California shooting probed as ‘terror act’
Barack Obama says US ‘will not be terrorised’ after carnage

Barack Obama says US ‘will not be terrorised’ after carnage
The mass shooting in California is being probed as “an act of terrorism”, the FBI said late Friday as President Barack Obama insisted that the United States “will not be terrorised” and renewed his call for tighter gun control measures in a weekly address on Saturday.
“It is entirely possible that these two attackers were radicalised to commit this act of terror,” Mr Obama said.
Mr Obama said in his weekly address that the Islamic State (ISIS) and other terrorist groups “are actively encouraging people — around the world and in our country — to commit terrible acts of violence, often times as lone wolf actors”.
“We are Americans,” he added. “We will uphold our values — a free and open society. We are strong. And we are resilient. And we will not be terrorised.”

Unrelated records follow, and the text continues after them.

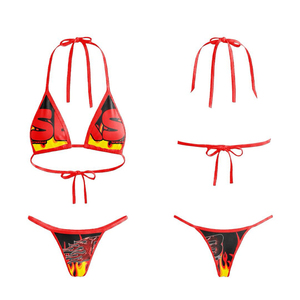 Premium 220 GSM Polyester Spandex <b>Bikini</b> <b>Set</b> Pink Purple Graffiti Print Custom Logo Women <b>Bikinis</b> <b>set</b> - Product Image 3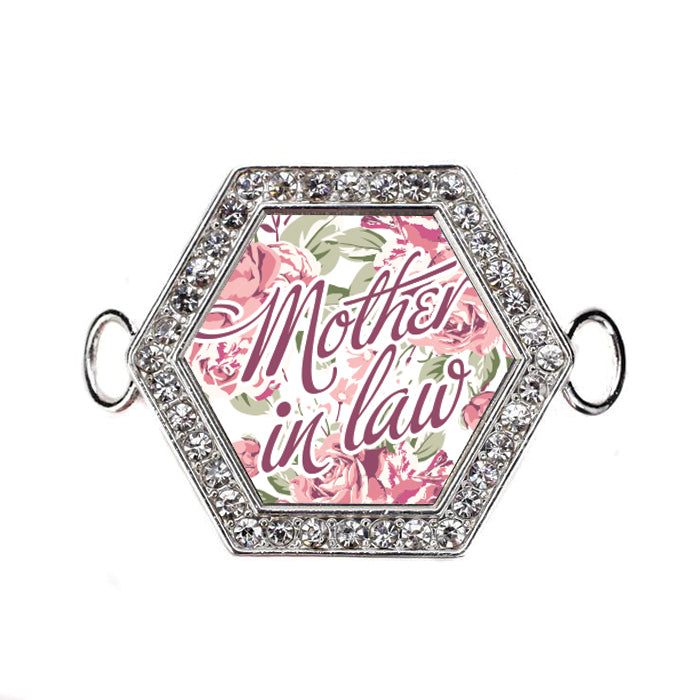 Silver Mother In Law Floral Hexagon Charm Bangle Bracelet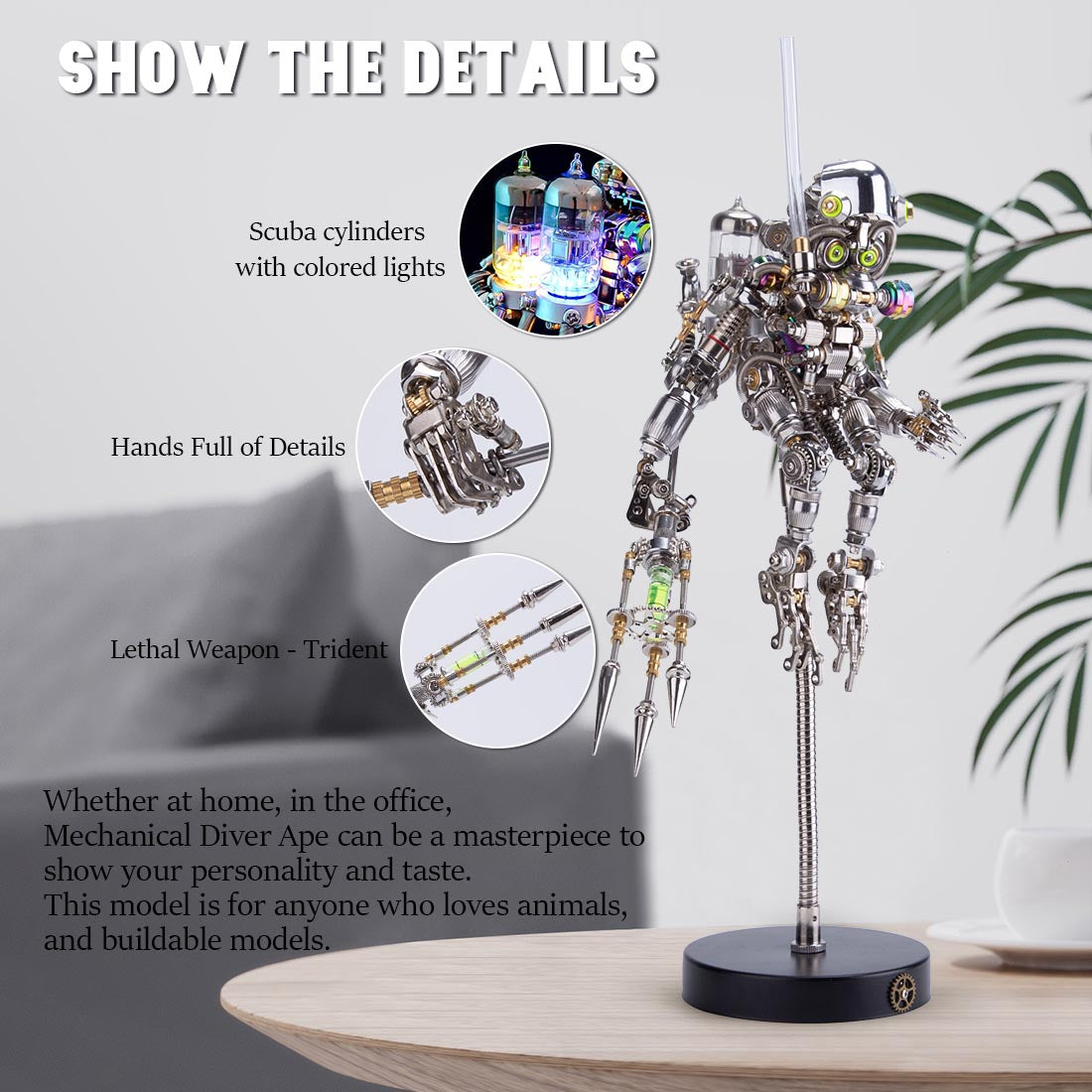 Close-up of gears and intricate metal parts on Steampunk Mechanical DiverApe model - VICTMAX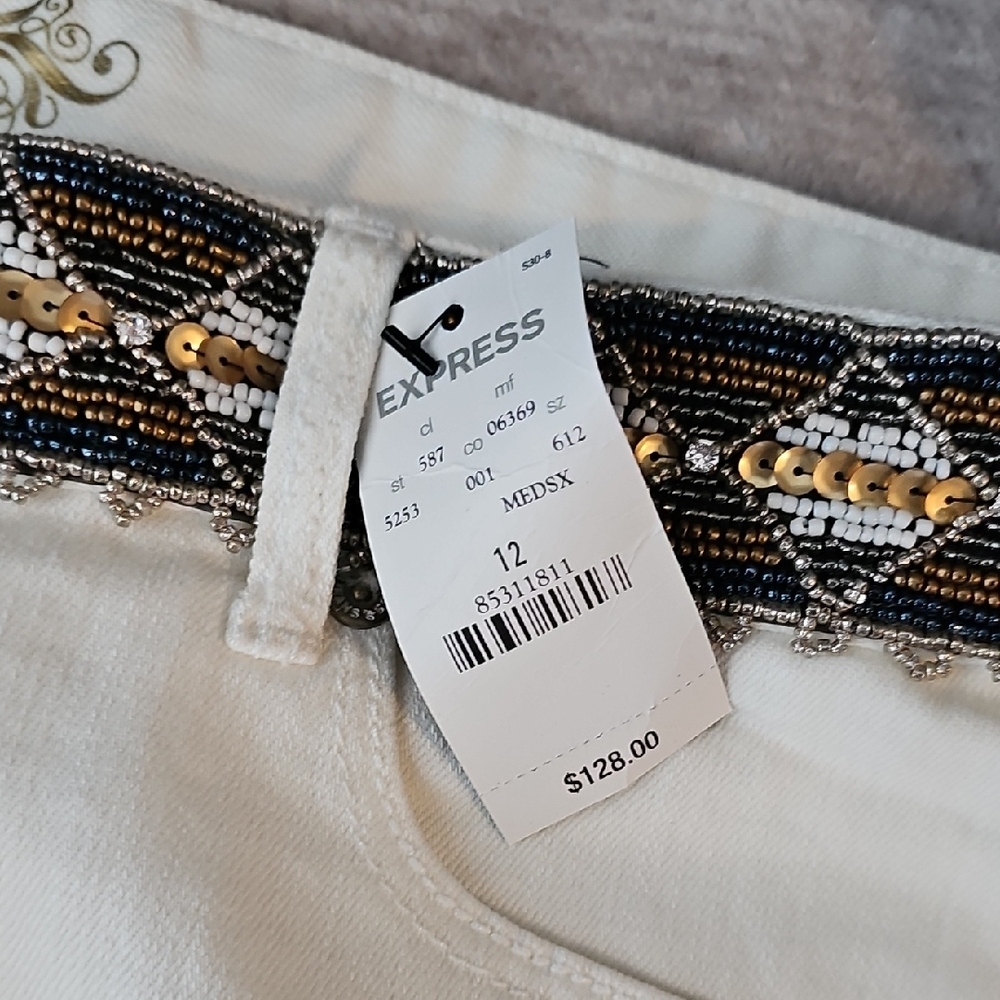 Express Women's Cream and Black Sequin Jean Shorts - Picture 2 of 4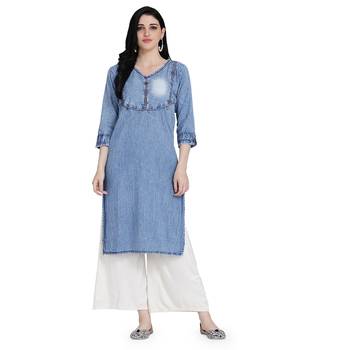 Blue woven cotton cotton-kurtis 1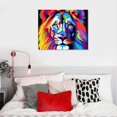 thumbnail image 4 of ONETECH  abstract Colorful painting Lion Picture Canvas print Wall art Modern decor design Animal Paintings Artwork for office dorm Home Living Room Decor, Stretched and Framed, 4 of 4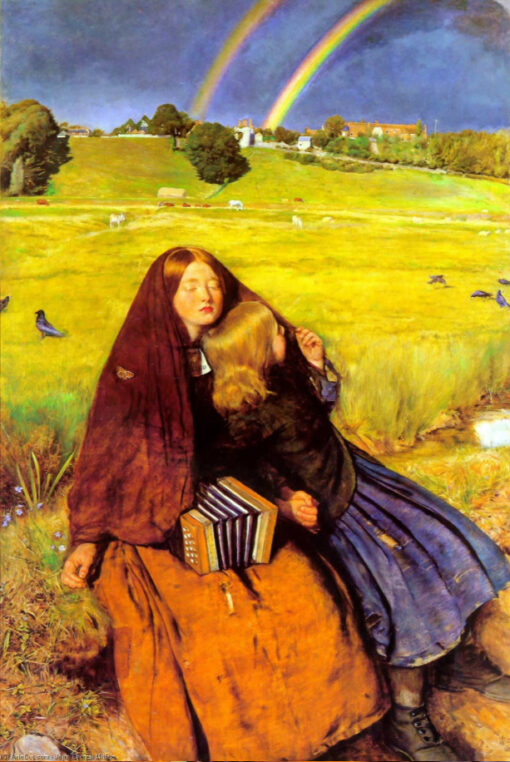 Reproduction fidèle de ’ La Jeune Fille aveugle “ de Sir John Everett Millais – Une peinture à l'huile intemporelle du village de Dafen célébrant les émotions humaines et le talent artistique, parfaite pour les amateurs d'art et les collectionneurs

On the other hand, FBI director James Comey told reporters: “The investigation so far has developed indications of radicalisation by the killers, and of potential inspiration by foreign terrorist organisations.”
But he said there was no indication that Syed Farook, 28, and his 29-year-old Pakistani wife Tashfeen Malik were part of any network. Authorities earlier had put her age at 27.
The developments come two days after the couple massacred 14 people and wounded 21 others at a year-end office party in San Bernardino — the deadliest mass shooting in the United States since the Newtown school massacre in 2012.
“We have uncovered evidence that has led us to learn of extensive planning,” David Bowdich, the assistant FBI director in charge of the Los Angeles office, told reporters.
“There’s a number of pieces of evidence that has essentially pushed us off the cliff to say we are now investigating this as an act of terrorism.”
He said investigators were examining a Facebook posting in which Malik is believed to have pledged allegiance to ISIS leader Abu Bakr al-Baghdadi, made around the time of Wednesday’s attack.
The massacre, if proven to be terror-related, would be the deadliest such assault on American soil since the September 11, 2001 attacks.
The ISIS hailed the perpetrators as “soldiers” of its caliphate, without explicitly claiming the deadly attack.
In its English-language radio broadcast, the group praised the Wednesday shooting.
“Two soldiers of the Khilafah (caliphate) executed an attack on the Inland Regional Centre in San Bernardino, California,” the ISIS radio broadcast said in English.
The ISIS refers to the swathe of territory it controls in Syria and Iraq as an Islamic caliphate.
The group’s Arabic-language radio broadcast earlier in the day had referred to the attackers as “supporters of the Islamic State”.
The English-language broadcast said the attackers were “killed in the path of Allah”.
But the group stopped short of issuing an official claim of responsibility for the shooting in the format it has used in the past for attacks in Paris and elsewhere.
Separately, Baby toys, shredded files, a Quran, computer paraphernalia: the home of the California shooters was bizarrely — and controversially — thrown open to the media on Friday, offering a glimpse of the life of the couple behind the carnage.
Media crews were given access by the landlord to the two-story townhouse where they lived with their six-month-old daughter.
In a surreal scrum, dozens of journalists flooded into the home in Redlands, jostling for space as they rifled through children’s toys and family photos for clues to what drove the couple to commit mass murder.